Picture yourself naked. In public. What do you feel? Exposed? Self-conscious? Ashamed?
Adam and Eve knew what it was like to feel this way. They also knew what it was like to feel something else entirely. Or perhaps what they also knew shouldn’t be described as a feeling at all. Perhaps they simply had a lack of awareness of the fact that something was wrong with them, because nothing was wrong with them at first.
They lived in the garden and walked among the trees and made their home there, all while being naked. Moses tells us: “The man and his wife were both naked and were not ashamed” (Gen 2:25). But then something changed. They were tempted, they sinned, they knew they were naked, and they hid. All of a sudden, the freedom they had in relationship with God and one another was consumed by an overwhelming awareness of self. And what they knew about themselves caused them to hide.
We’ve been hiding in the same way ever since. Every human sins and therefore knows what it’s like to feel guilty or ashamed. And every human hides these darker parts of themselves from other people. Sometimes it seems that we, as Christians, can become especially adept at hiding, perhaps because we think we know what a “good Christian” looks like and talks like, and it’s not too hard to put a good face on a downtrodden spirit.
Our pastor, Pastor Mike, has been teaching a series called “What Do You Think God Thinks About You?” and he has been discussing our feelings of guilt and shame and how the gospel provides healing for us in these ways. Pastor Mike has taught us to make a distinction between shame and guilt, and he describes shame as the feeling of not measuring up to society’s standards or expectations for us. He makes a compelling argument for this, but as I thought about the difference between guilt and shame, I wondered if I could take his point one step further.
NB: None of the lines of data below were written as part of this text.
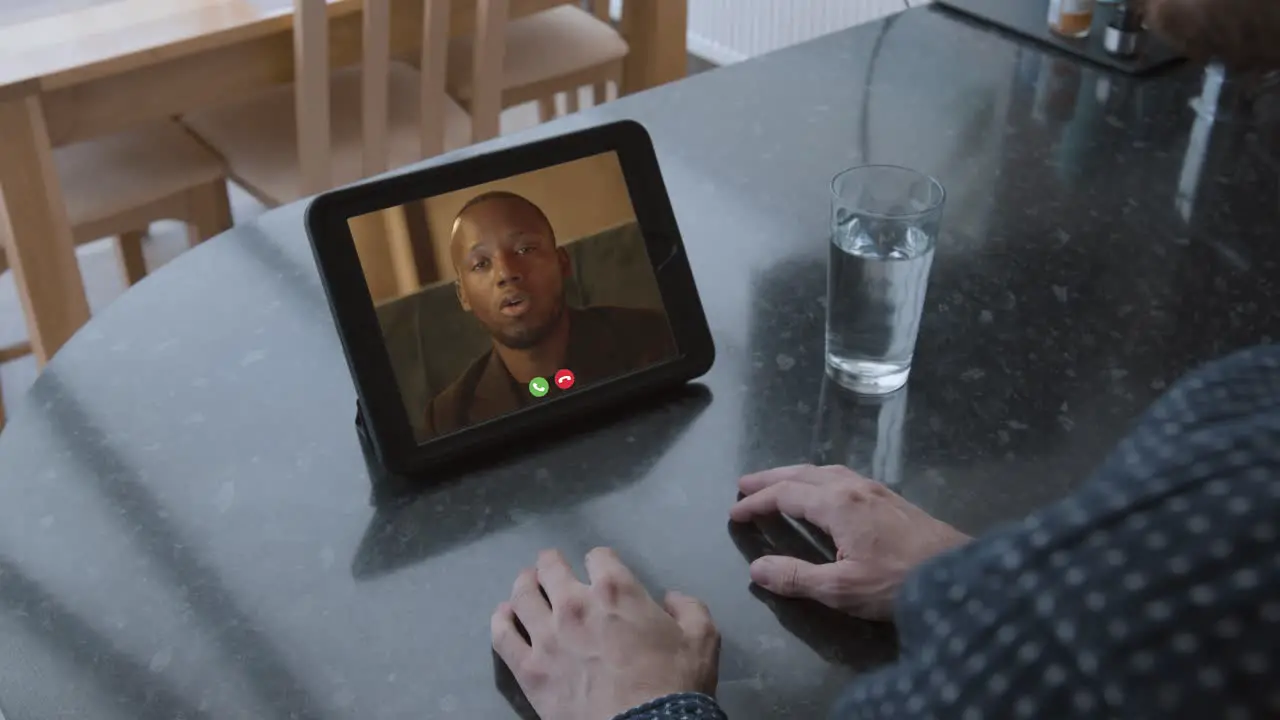 Professional male talking to camera assertively using hand gestures on videocall with overlays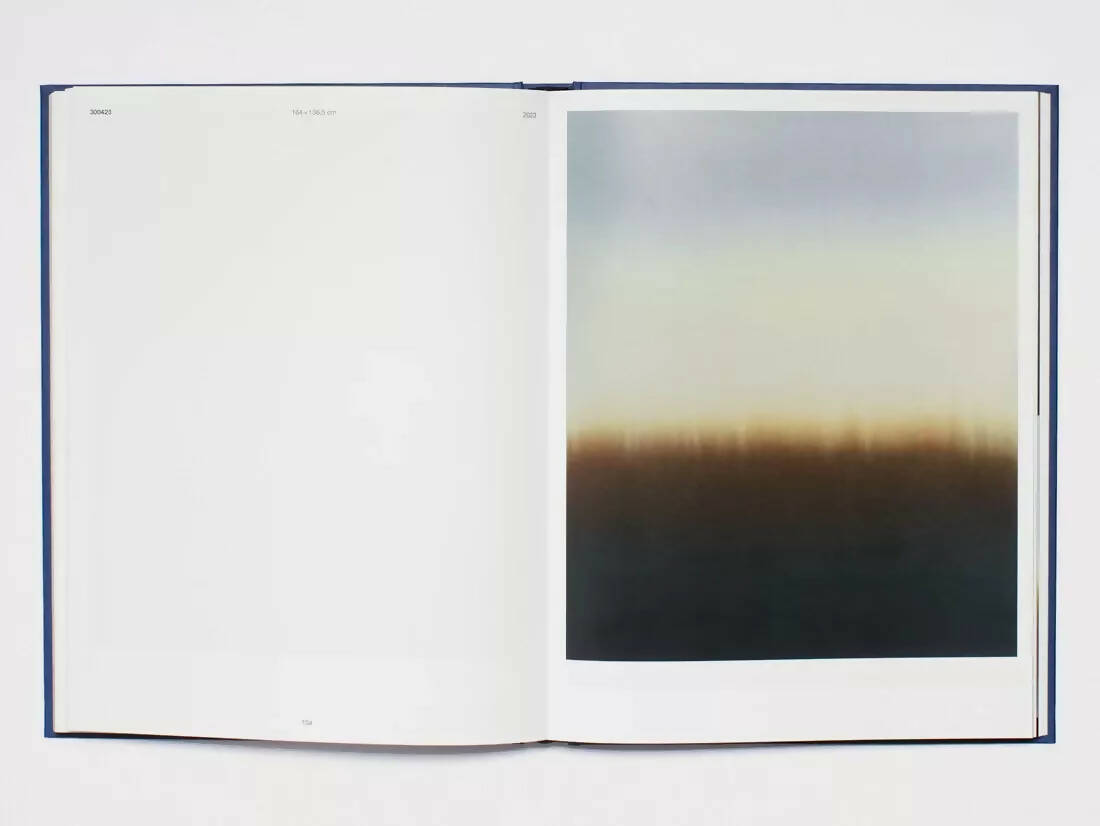 An image of an open book, on the pages there is one blank page and a picture of a gradient from light blue to a yellow dark tone,  available  to buy on the-salon.com. SALON curates the finest , unique, handmade pieces from the interior industry's best makers and brands. Shop luxury furniture, lighting, rugs, art, antiques and vintage pieces and accessories from SALON interior designed rooms.
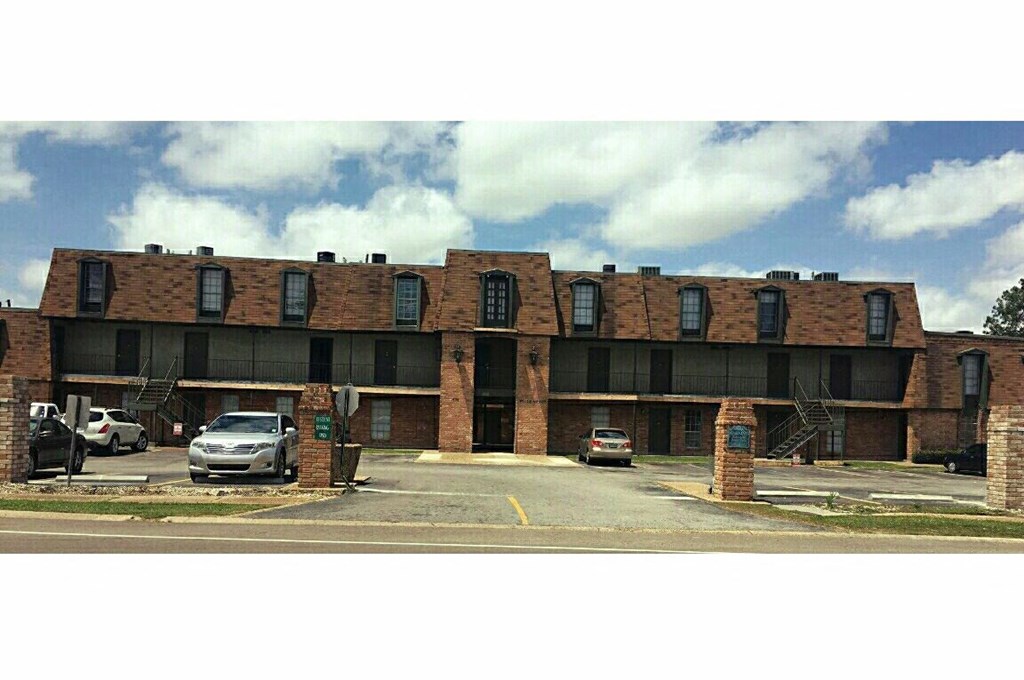 a large brick building with cars parked in front of it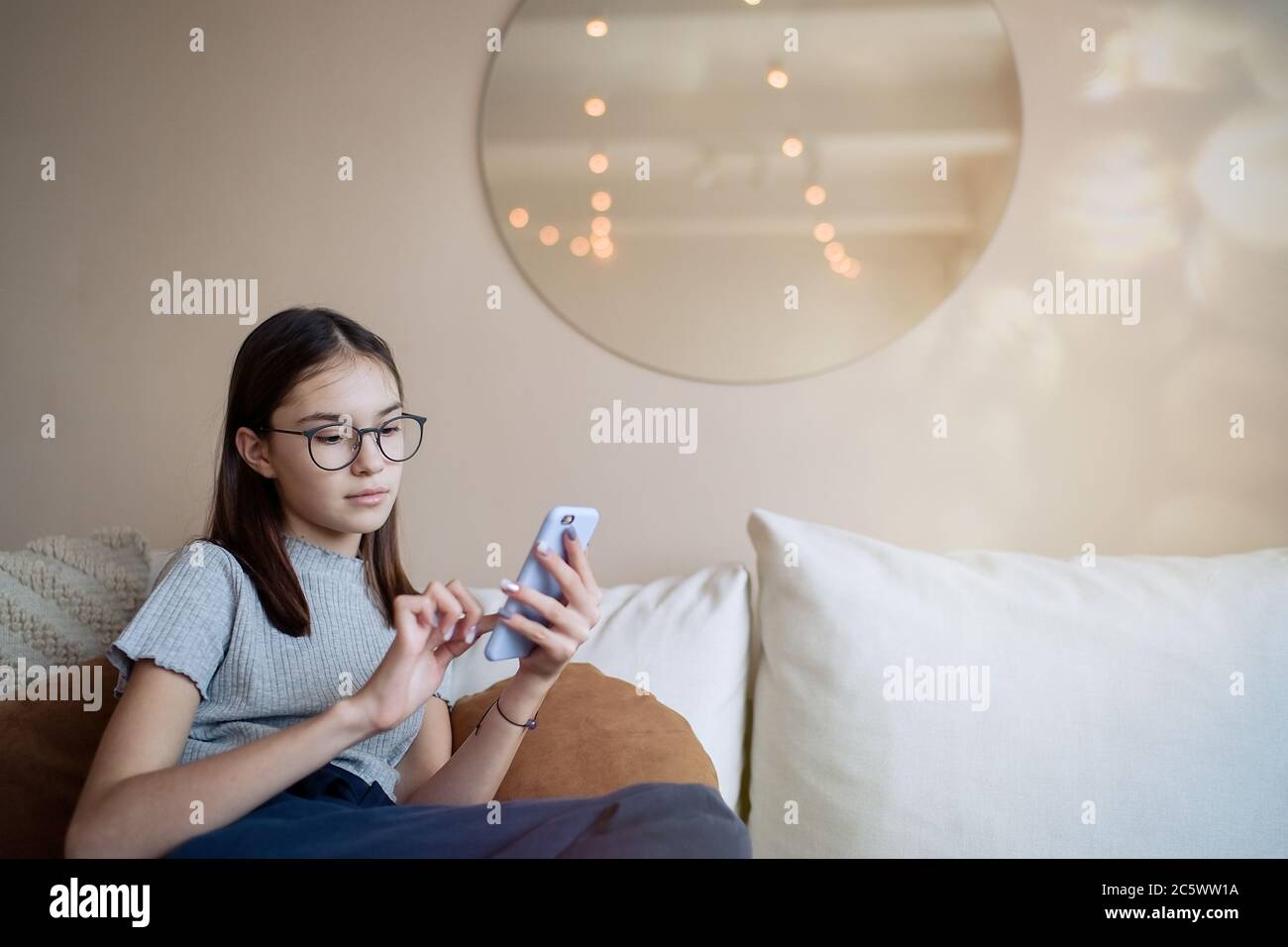 Cute teenage girl sitting on sofa at home and using mobile phone Stock ...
Perhaps we feel guilt because of what we’ve done and shame because of who we are. Or to put it another way, we experience feelings of guilt because of the sins we’ve committed, and we feel ashamed because of the sinners we are.
If this is the case, then the gospel does provide the answer to both of our problems, but it does so in slightly different ways. Our guilt creates a need for righteousness, which no amount of effort on our part can produce. Here the power of the gospel brings us freedom from guilt in that Christ has become righteousness for us (2 Cor 5:21). Our shame, however, creates a need for a new identity, which no amount of effort on our part can produce either. Here the power of the gospel brings us freedom from shame in that we are new creations in Christ (2 Cor 5:17).
So living within the power of the gospel means trusting in Jesus as our righteousness to deliver us from guilt, and it means embracing our identity in Christ as a new creation to deliver us from shame. In this way, the gospel has become the new fig leaf for us, not to cover up as it once did for Adam and Eve, but to cover over once for all for those of us who trust in Him and find our hope in Him.
So when we feel guilt, let us turn to Jesus as our righteousness, and when we feel shame, let us turn to Jesus as our identity. As we do, our sense of exposure and self-consciousness and shame will slowly be replaced by a growing awareness that we stand, naked and exposed, before a Holy God, who declares us righteous and beloved, so that we never need feel ashamed again.